Taylor Swift deepfake pornography controversy (2024)

In late January 2024, sexually explicit AI-generated deepfake images of Taylor Swift were proliferated on X, with one post reported to have been seen over 47 million times before its removal.[48][49] Disinformation research firm Graphika traced the images back to 4chan,[50] while members of a Telegram group had discussed ways to circumvent censorship safeguards of AI image generators to create pornographic images of celebrities.[51] The images prompted responses from anti-sexual assault advocacy groups, US politicians, and Swifties.[52][53] Microsoft CEO Satya Nadella called the incident "alarming and terrible."[54] X briefly blocked searches of Swift's name on January 27, 2024,[55] and Microsoft enhanced its text-to-image model safeguards to prevent future abuse.[56] On January 30, US senators Dick Durbin, Lindsey Graham, Amy Klobuchar, and Josh Hawley introduced a bipartisan bill that would allow victims to sue individuals who produced or possessed "digital forgeries" with intent to distribute, or those who received the material knowing it was made without consent.[57]

Google Gemini image generation controversy (2024)

Google Gemini's response when asked to "generate a picture of a U.S. senator from the 1800s" in February 2024, as shown by The Verge[58]

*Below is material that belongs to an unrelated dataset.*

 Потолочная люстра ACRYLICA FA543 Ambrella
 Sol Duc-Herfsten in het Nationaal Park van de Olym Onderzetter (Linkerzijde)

In February 2024, social media users reported that Google's Gemini chatbot was generating images that featured people of color and women in historically inaccurate contexts—such as Vikings, Nazi soldiers, and the Founding Fathers—and refusing prompts to generate images of white people. The images were derided on social media, including by conservatives who cited them as evidence of Google's "wokeness",[58][59][60] and criticized by Elon Musk, who denounced Google's products as biased and racist.[61][62][63] In response, Google paused Gemini's ability to generate images of people.[64][65][66] Google executive Prabhakar Raghavan released a statement explaining that Gemini had "overcompensate[d]" in its efforts to strive for diversity and acknowledging that the images were "embarrassing and wrong".[67][68][69] Google CEO Sundar Pichai called the incident offensive and unacceptable in an internal memo, promising structural and technical changes,[70][71][72] and several employees in Google's trust and safety team were laid off days later.[73][74] The market reacted negatively, with Google's stock falling by 4.4 percent,[75] and Pichai faced growing calls to resign.[76][77][78] The image generation feature was relaunched in late August 2024, powered by its new Imagen 3 model.[79][80]